--- DIRECTIONS ---
Extract the text of every entry below exactly; leave images out.
========================================
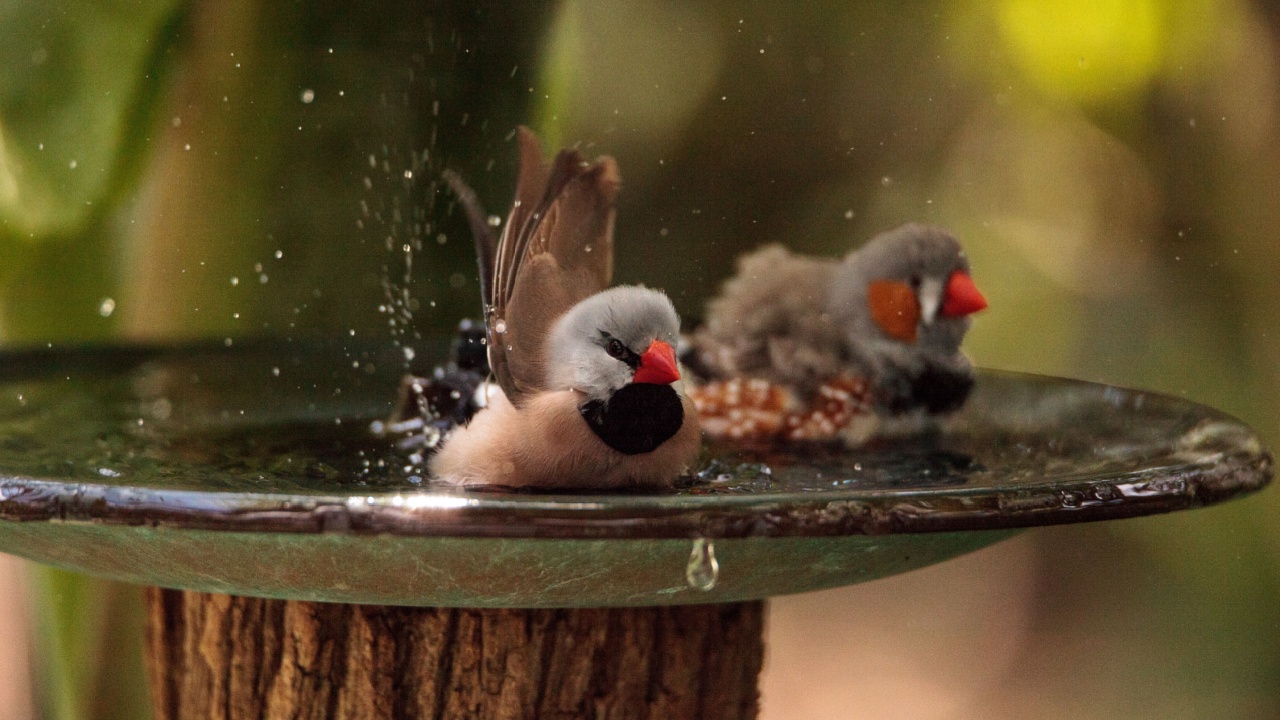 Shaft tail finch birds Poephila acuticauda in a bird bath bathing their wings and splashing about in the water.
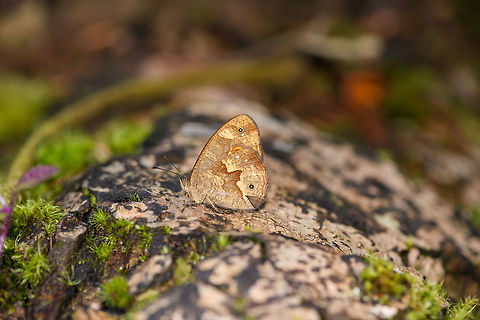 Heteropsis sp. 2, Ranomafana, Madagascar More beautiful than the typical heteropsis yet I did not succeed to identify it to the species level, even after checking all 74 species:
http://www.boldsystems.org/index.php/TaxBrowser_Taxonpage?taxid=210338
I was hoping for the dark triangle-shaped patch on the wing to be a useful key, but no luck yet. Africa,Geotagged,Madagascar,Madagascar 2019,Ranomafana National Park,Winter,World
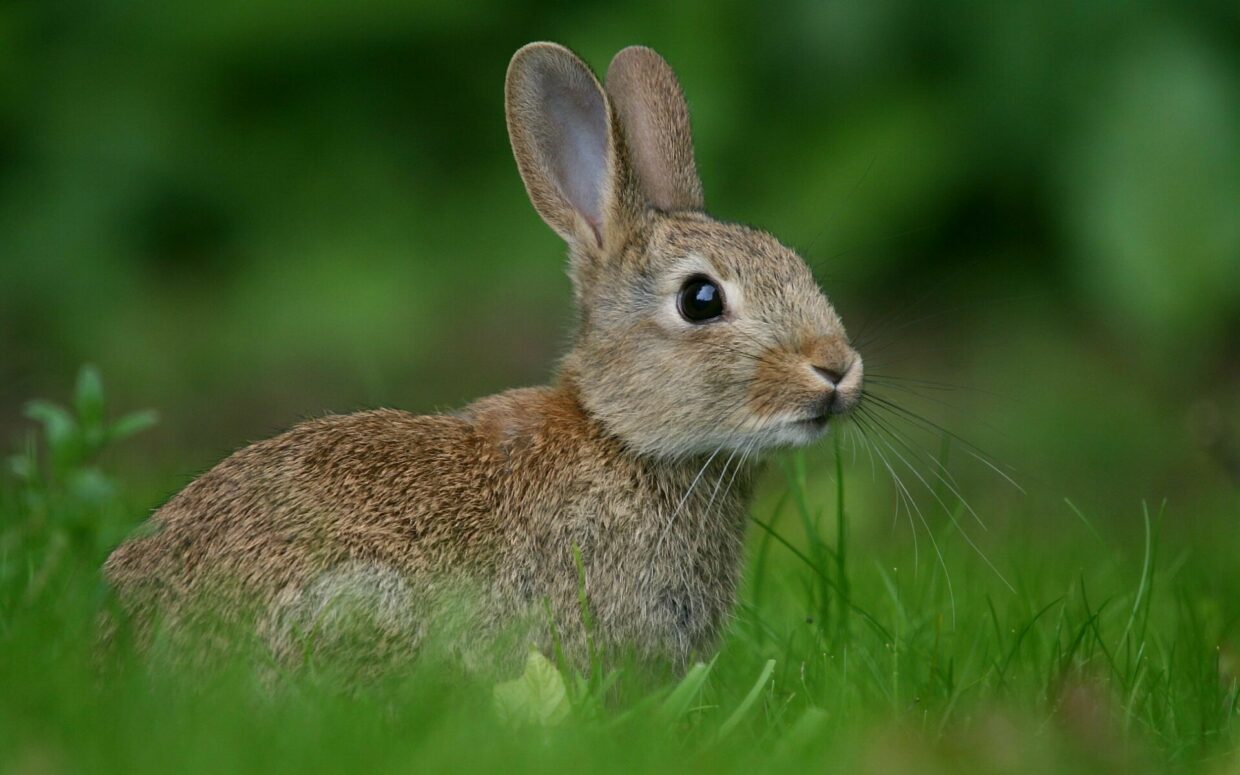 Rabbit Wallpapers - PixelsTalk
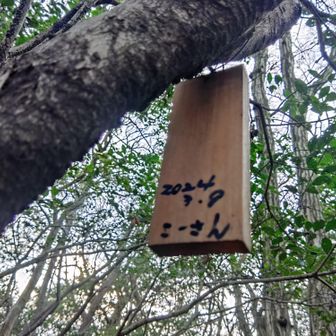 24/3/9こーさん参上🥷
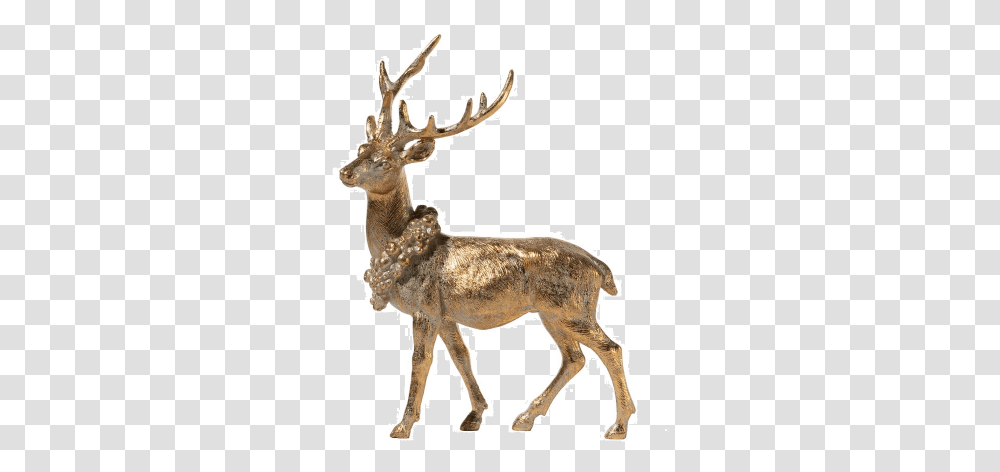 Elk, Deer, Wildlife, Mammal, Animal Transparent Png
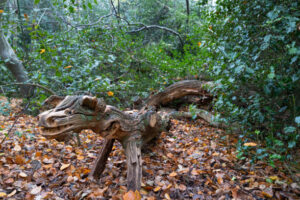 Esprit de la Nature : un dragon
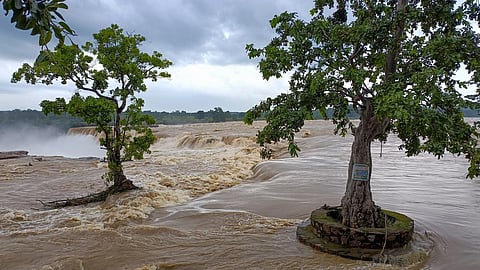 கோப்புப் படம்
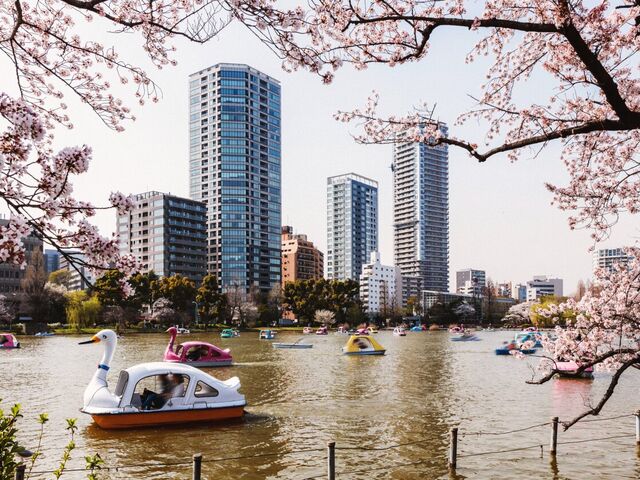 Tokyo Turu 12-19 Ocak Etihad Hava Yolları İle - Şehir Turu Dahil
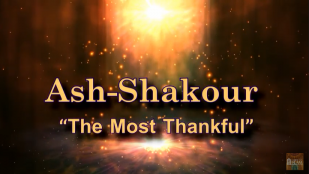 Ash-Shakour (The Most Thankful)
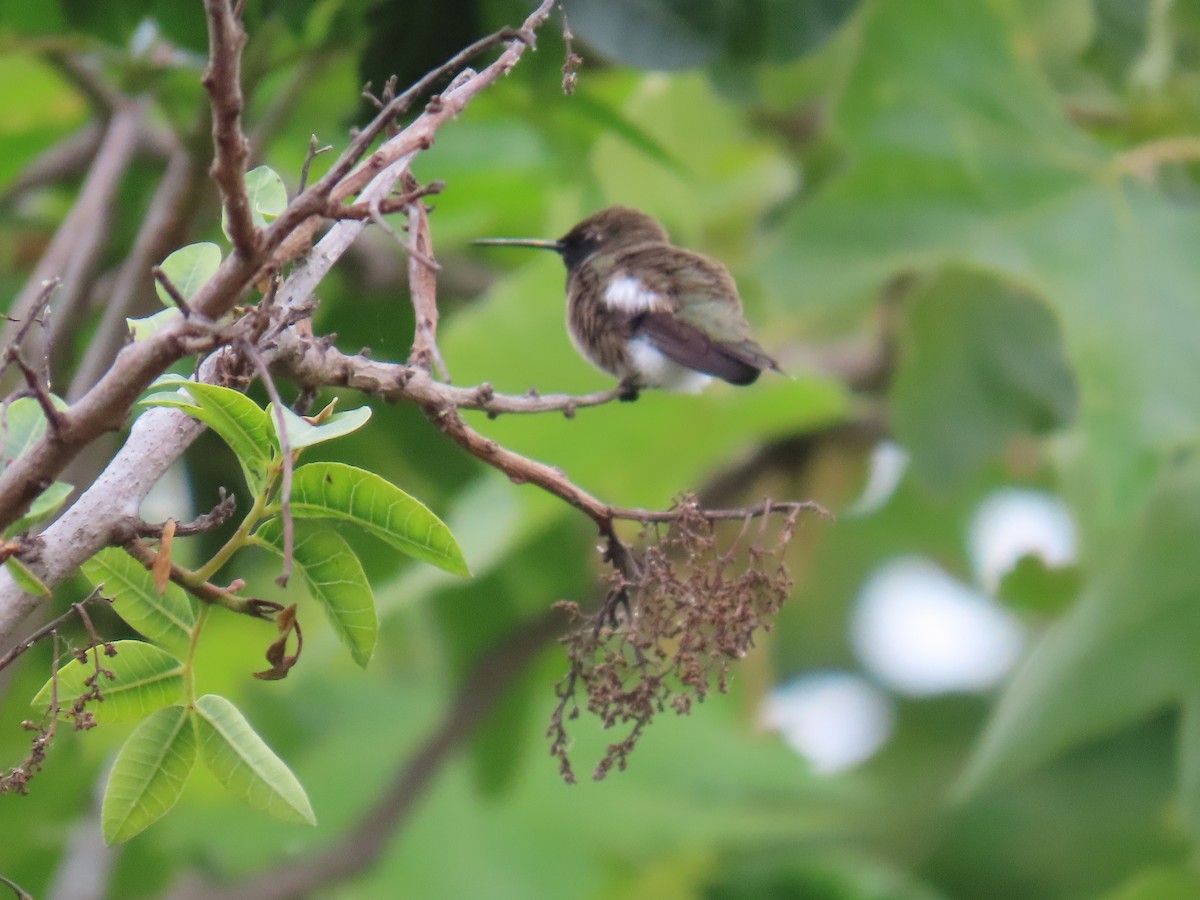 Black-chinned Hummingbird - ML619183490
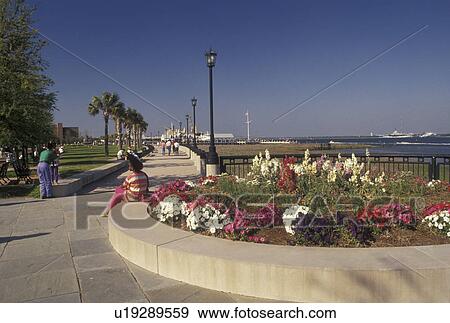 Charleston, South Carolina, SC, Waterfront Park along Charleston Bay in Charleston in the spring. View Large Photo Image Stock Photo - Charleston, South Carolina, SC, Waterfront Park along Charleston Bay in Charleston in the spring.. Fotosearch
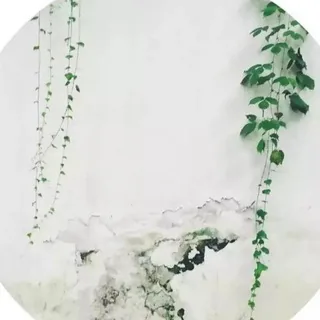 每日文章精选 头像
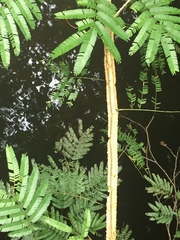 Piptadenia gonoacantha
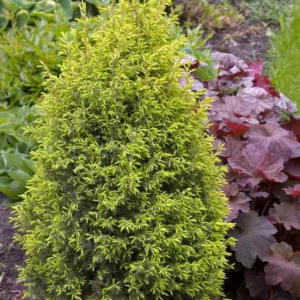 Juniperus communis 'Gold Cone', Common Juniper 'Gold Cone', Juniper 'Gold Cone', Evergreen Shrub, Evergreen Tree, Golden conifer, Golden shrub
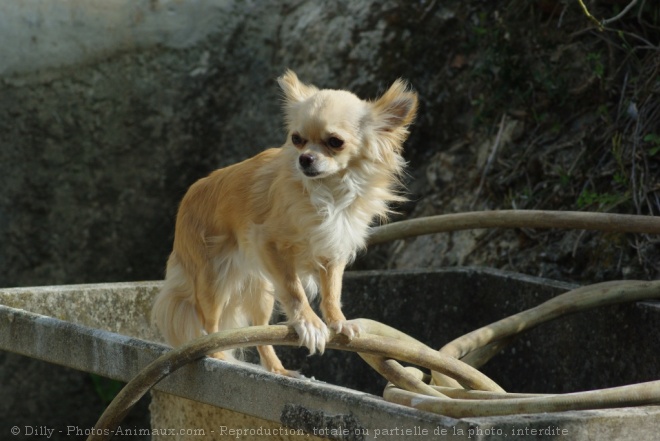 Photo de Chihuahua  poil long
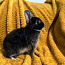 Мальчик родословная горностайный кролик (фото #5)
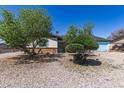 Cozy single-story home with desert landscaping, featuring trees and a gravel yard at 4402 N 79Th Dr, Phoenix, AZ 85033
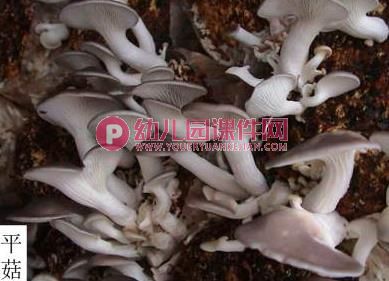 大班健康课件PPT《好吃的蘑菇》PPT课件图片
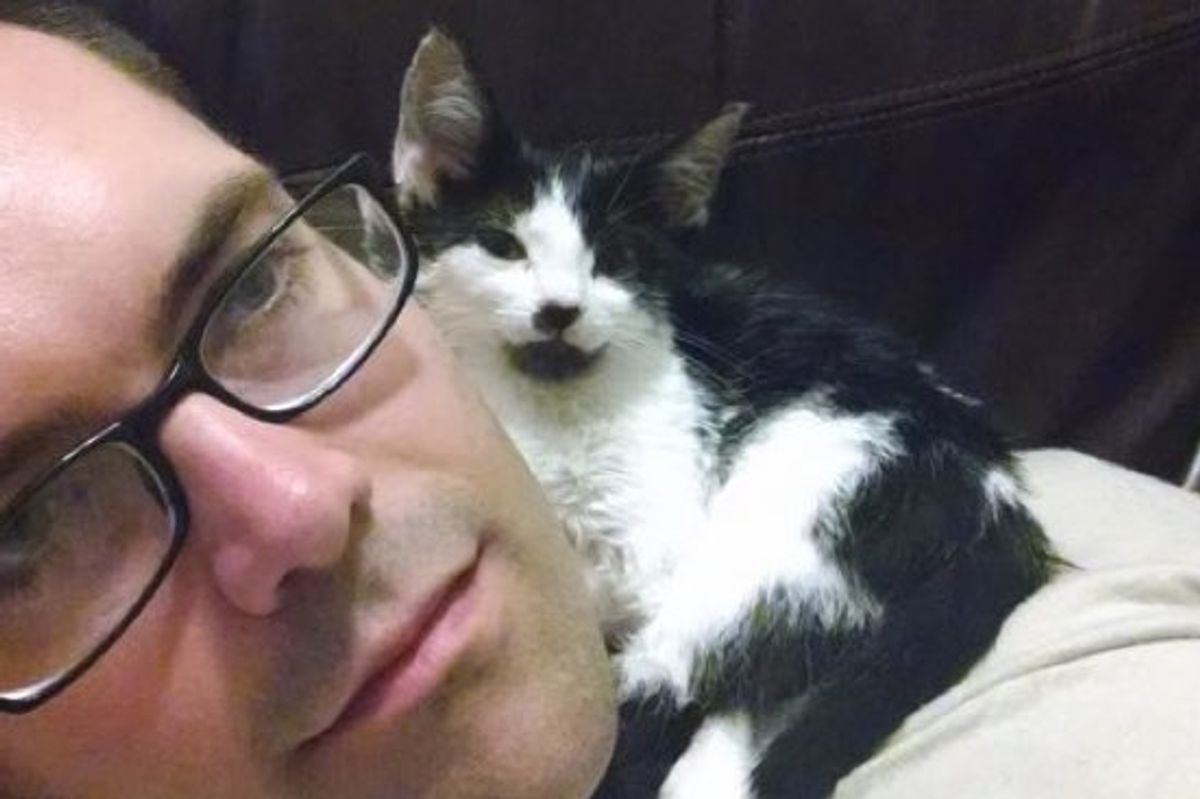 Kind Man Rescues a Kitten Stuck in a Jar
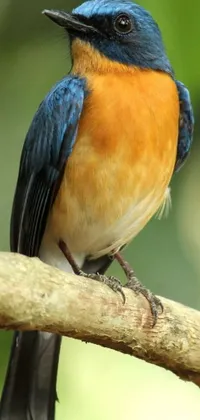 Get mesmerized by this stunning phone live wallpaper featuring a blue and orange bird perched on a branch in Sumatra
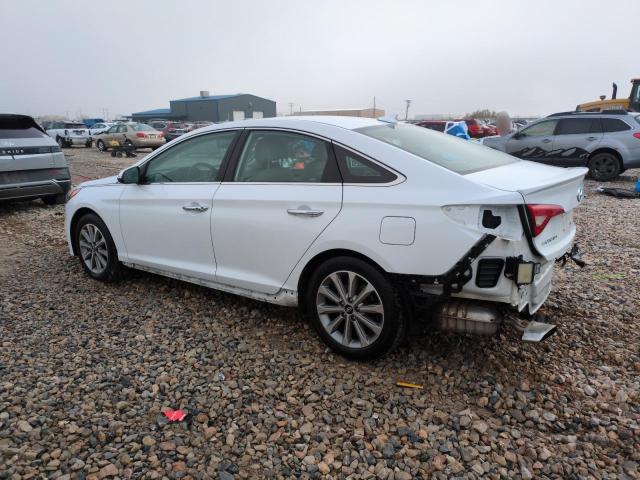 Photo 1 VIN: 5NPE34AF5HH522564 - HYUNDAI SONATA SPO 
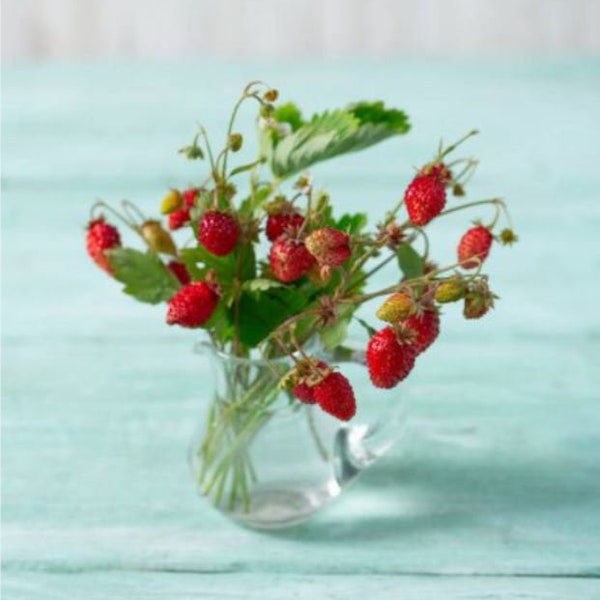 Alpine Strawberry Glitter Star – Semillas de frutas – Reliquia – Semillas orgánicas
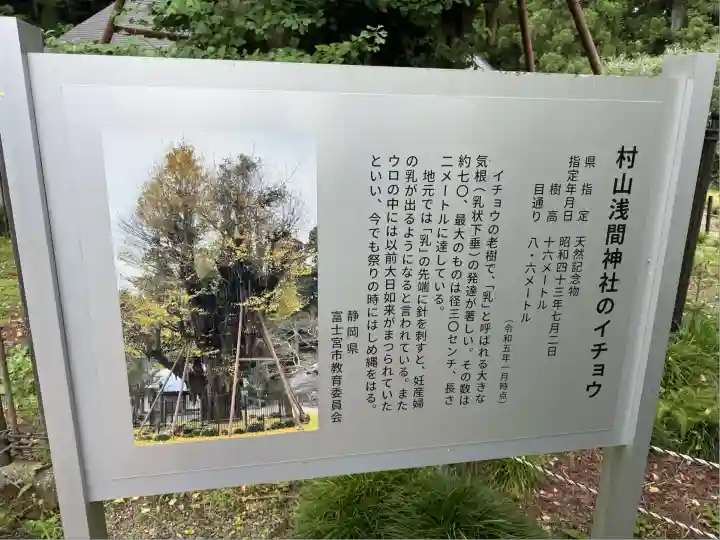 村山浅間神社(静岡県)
========================================
--- PROBLEM SOLUTION ---
 Shaft tail finch birds Poephila acuticauda in a bird bath bathing their wings and splashing about in the water.
 Heteropsis sp. 2, Ranomafana, Madagascar More beautiful than the typical heteropsis yet I did not succeed to identify it to the species level, even after checking all 74 species:
http://www.boldsystems.org/index.php/TaxBrowser_Taxonpage?taxid=210338
I was hoping for the dark triangle-shaped patch on the wing to be a useful key, but no luck yet. Africa,Geotagged,Madagascar,Madagascar 2019,Ranomafana National Park,Winter,World
 Rabbit Wallpapers - PixelsTalk
 24/3/9こーさん参上🥷
 Elk, Deer, Wildlife, Mammal, Animal Transparent Png
 Esprit de la Nature : un dragon
 கோப்புப் படம்
 Tokyo Turu 12-19 Ocak Etihad Hava Yolları İle - Şehir Turu Dahil
 Ash-Shakour (The Most Thankful)
 Black-chinned Hummingbird - ML619183490
 Charleston, South Carolina, SC, Waterfront Park along Charleston Bay in Charleston in the spring. View Large Photo Image Stock Photo - Charleston, South Carolina, SC, Waterfront Park along Charleston Bay in Charleston in the spring.. Fotosearch
 每日文章精选 头像
 Piptadenia gonoacantha
 Juniperus communis 'Gold Cone', Common Juniper 'Gold Cone', Juniper 'Gold Cone', Evergreen Shrub, Evergreen Tree, Golden conifer, Golden shrub
 Photo de Chihuahua  poil long
 Мальчик родословная горностайный кролик (фото #5)
 Cozy single-story home with desert landscaping, featuring trees and a gravel yard at 4402 N 79Th Dr, Phoenix, AZ 85033
 大班健康课件PPT《好吃的蘑菇》PPT课件图片
 Kind Man Rescues a Kitten Stuck in a Jar
 Get mesmerized by this stunning phone live wallpaper featuring a blue and orange bird perched on a branch in Sumatra
 Photo 1 VIN: 5NPE34AF5HH522564 - HYUNDAI SONATA SPO 
 Alpine Strawberry Glitter Star – Semillas de frutas – Reliquia – Semillas orgánicas
 村山浅間神社(静岡県)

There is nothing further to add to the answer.